What you will do :: Starting at the line that contains "Hot latina government" and ending at the line that contains "Background 5x7ft Wooden", the lines below are to be given again exactly, with nothing added.

============================================================

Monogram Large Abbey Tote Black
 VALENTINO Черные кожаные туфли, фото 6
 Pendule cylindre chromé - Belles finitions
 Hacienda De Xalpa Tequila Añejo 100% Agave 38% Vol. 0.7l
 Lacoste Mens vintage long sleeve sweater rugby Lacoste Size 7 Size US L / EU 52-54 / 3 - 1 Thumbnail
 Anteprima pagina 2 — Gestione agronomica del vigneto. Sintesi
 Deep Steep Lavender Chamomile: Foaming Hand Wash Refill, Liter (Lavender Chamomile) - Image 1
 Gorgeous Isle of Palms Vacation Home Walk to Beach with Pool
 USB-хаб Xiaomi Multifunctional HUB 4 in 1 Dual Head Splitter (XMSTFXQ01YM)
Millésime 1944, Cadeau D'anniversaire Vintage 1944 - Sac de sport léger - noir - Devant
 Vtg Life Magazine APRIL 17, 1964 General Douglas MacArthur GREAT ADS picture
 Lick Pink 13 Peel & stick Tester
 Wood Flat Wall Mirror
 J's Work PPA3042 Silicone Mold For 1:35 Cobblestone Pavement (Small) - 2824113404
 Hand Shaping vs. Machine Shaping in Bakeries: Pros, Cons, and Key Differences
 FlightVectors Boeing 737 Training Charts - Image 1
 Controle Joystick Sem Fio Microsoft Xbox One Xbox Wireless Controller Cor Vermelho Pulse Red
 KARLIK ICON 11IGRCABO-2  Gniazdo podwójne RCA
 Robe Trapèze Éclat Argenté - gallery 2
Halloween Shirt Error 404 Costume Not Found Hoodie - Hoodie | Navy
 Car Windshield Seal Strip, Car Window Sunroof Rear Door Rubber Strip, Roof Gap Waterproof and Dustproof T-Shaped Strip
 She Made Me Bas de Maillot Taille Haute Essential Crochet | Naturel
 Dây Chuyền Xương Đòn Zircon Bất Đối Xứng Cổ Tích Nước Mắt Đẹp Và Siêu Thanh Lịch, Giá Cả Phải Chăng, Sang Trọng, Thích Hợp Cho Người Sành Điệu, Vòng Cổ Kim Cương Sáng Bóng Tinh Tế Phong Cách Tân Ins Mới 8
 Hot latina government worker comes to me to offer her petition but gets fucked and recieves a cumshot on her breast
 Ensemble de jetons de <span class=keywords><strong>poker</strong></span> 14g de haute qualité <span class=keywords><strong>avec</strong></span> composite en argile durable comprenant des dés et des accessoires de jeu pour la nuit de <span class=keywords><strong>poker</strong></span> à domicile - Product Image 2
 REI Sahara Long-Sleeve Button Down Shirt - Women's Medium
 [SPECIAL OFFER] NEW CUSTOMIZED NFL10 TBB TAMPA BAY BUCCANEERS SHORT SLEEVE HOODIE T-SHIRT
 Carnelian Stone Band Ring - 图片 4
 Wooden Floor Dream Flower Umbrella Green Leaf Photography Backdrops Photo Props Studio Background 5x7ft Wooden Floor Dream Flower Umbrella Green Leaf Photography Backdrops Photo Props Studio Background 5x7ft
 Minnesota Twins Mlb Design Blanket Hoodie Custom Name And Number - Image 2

============================================================

Solved problem ::
 Hot latina government worker comes to me to offer her petition but gets fucked and recieves a cumshot on her breast
 Ensemble de jetons de <span class=keywords><strong>poker</strong></span> 14g de haute qualité <span class=keywords><strong>avec</strong></span> composite en argile durable comprenant des dés et des accessoires de jeu pour la nuit de <span class=keywords><strong>poker</strong></span> à domicile - Product Image 2
 REI Sahara Long-Sleeve Button Down Shirt - Women's Medium
 [SPECIAL OFFER] NEW CUSTOMIZED NFL10 TBB TAMPA BAY BUCCANEERS SHORT SLEEVE HOODIE T-SHIRT
 Carnelian Stone Band Ring - 图片 4
 Wooden Floor Dream Flower Umbrella Green Leaf Photography Backdrops Photo Props Studio Background 5x7ft Wooden Floor Dream Flower Umbrella Green Leaf Photography Backdrops Photo Props Studio Background 5x7ft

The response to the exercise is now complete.